Or, le temps fait bien les choses et au moment où l’on commence à sentir un besoin de « chez-soi », les relations nouvelles le sont de moins en moins. Les amis londoniens commencent à connaître la Audrey londonienne et Londres semble vouloir prendre le titre de « chez-nous ». On établi des rites comme des « girls night out » ou des « Bios seminars nights ». On s’écrit des textos pour se dire comment le weekend s’est passé. On va dîner sur la terrace de la Somerset House quand le soleil se pointe le nez dehors. Et les « enchanting stories » commencent à prendre forme d’elles mêmes.
Il eût mieux valu revenir à la même heure, dit le renard. Si tu viens, par exemple, à quatre heures de l'après-midi, dès trois heures je commencerai d'être heureux.
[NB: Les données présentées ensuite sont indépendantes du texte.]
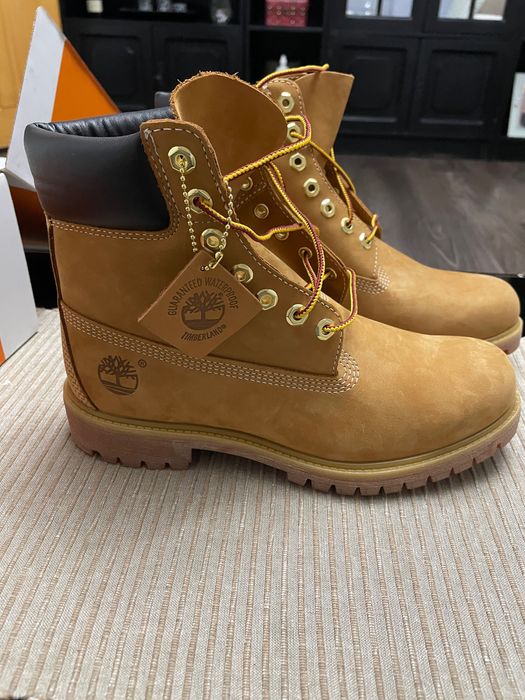 Vând bocanci Timberland noi din piele mărime 42;43 .(Originali)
Plus l'heure avancera, plus je me sentirai heureux. A quatre heures, déjà, je m'agiterai et m'inquiéterai; je découvrirai le prix du bonheur! Mais si tu viens n'importe quand, je ne saurai jamais à quelle heure m'habiller le cœur. Il faut des rites.

Il y a immanquablement ces amis de toujours. Ces personnes essentielles qui viennent te visiter même quand tu es à l’autre bout du monde. Qui prennent la peine d’amener le rituel jusqu’à toi. Une tribu qui débarque pour découvrir ton environnement, en profiter un peu et se rassasier de ta présence, aussi incroyable que cela puisse te paraître. Ces amis qui créent de nouveaux rituels pour palier à la distance: les cartes postales, les conversations Skype, les courriels, les petits mots gentils sur Face de book ou les niaiseries imagées :)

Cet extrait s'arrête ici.